_What is needed_
Give back every entry exactly; drop the pictures.

[Stored items from a collection]
▼

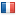 inforoutes.fr hosted country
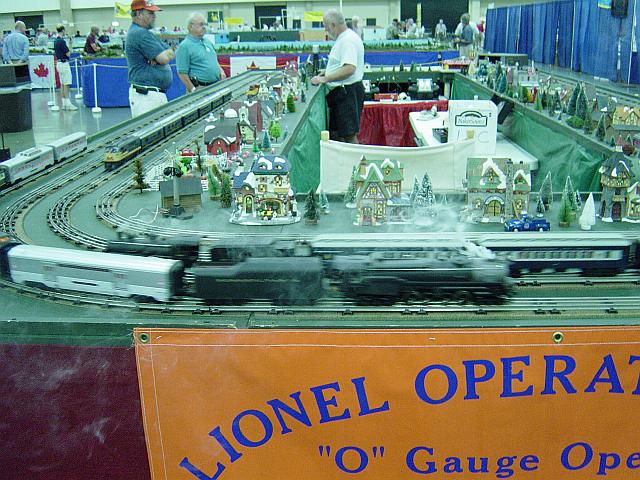 Image - DSC02383.JPG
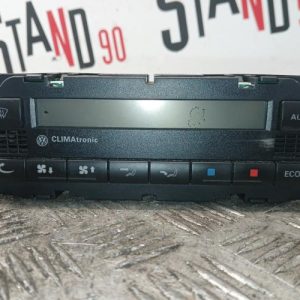 VOLKSWAGEN PASSAT 4 PHASE 2 BREAK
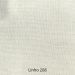 Puff Recamier Valentin Linho Bege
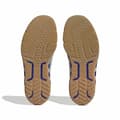 Miniatyrbillede 3 af 9: Herre sneakers Adidas Dropstep Trainer Blå Hvid - 46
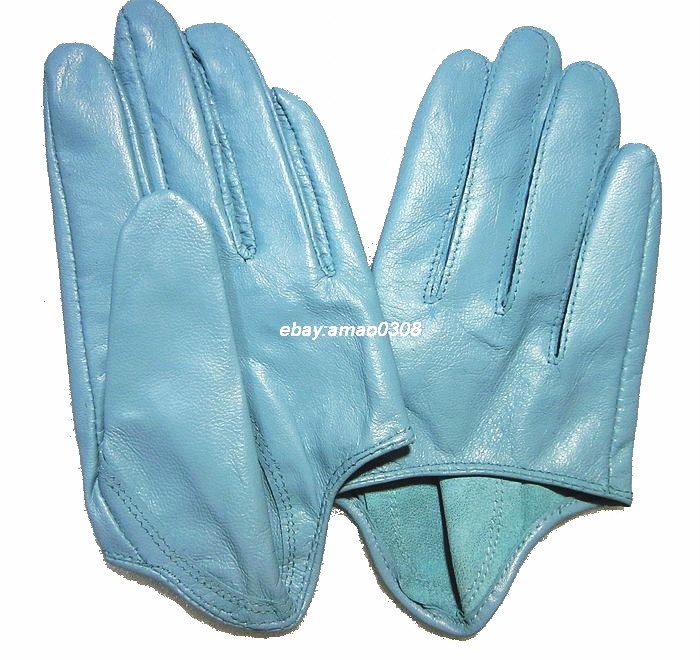 eBay Image 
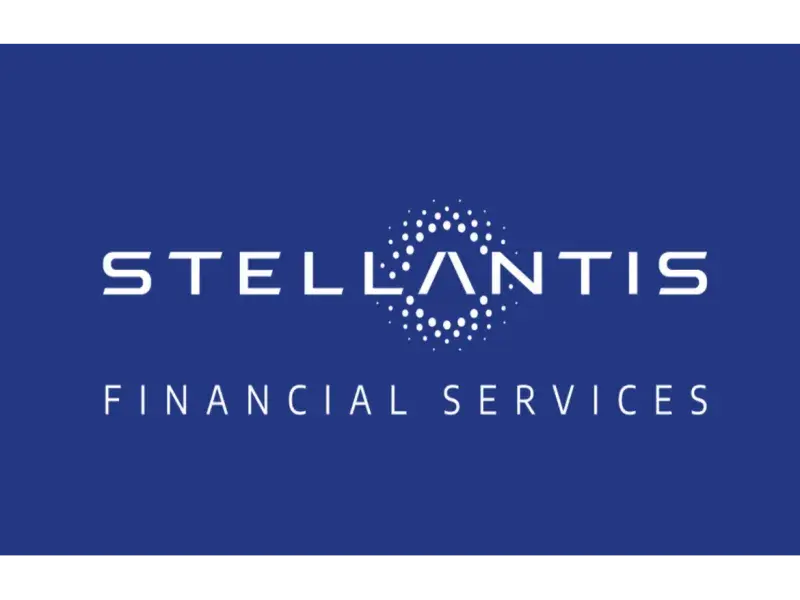 Stellantis FS Italia Completes €1 Billion Auto Loan Securitisation to Strengthen Mobility Financing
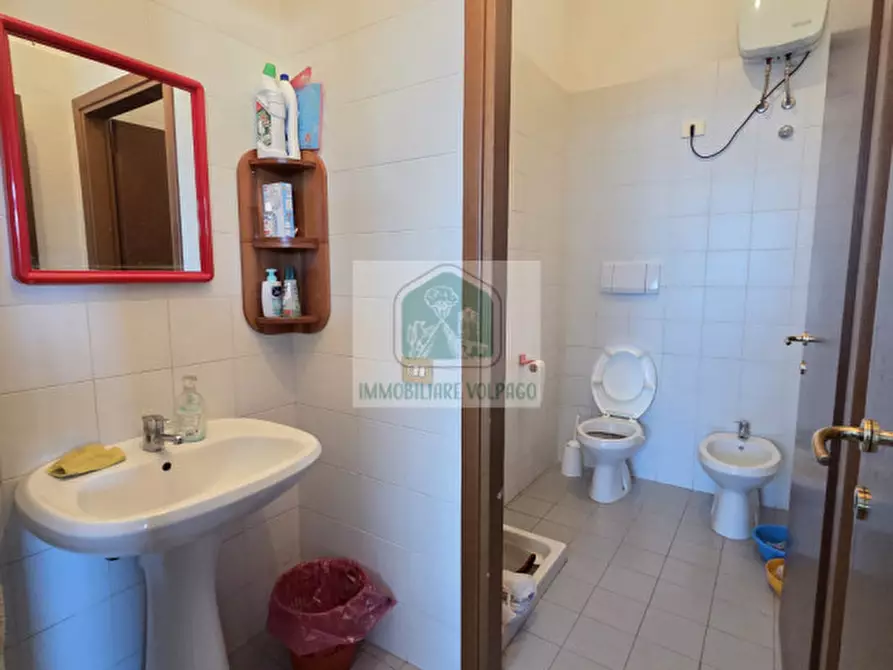 Immagine 4 di Negozio in vendita  in montebelluna a Montebelluna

▲

_Task result_
 inforoutes.fr hosted country
 Image - DSC02383.JPG
 VOLKSWAGEN PASSAT 4 PHASE 2 BREAK
 Puff Recamier Valentin Linho Bege
 Miniatyrbillede 3 af 9: Herre sneakers Adidas Dropstep Trainer Blå Hvid - 46
 eBay Image 
 Stellantis FS Italia Completes €1 Billion Auto Loan Securitisation to Strengthen Mobility Financing
 Immagine 4 di Negozio in vendita  in montebelluna a Montebelluna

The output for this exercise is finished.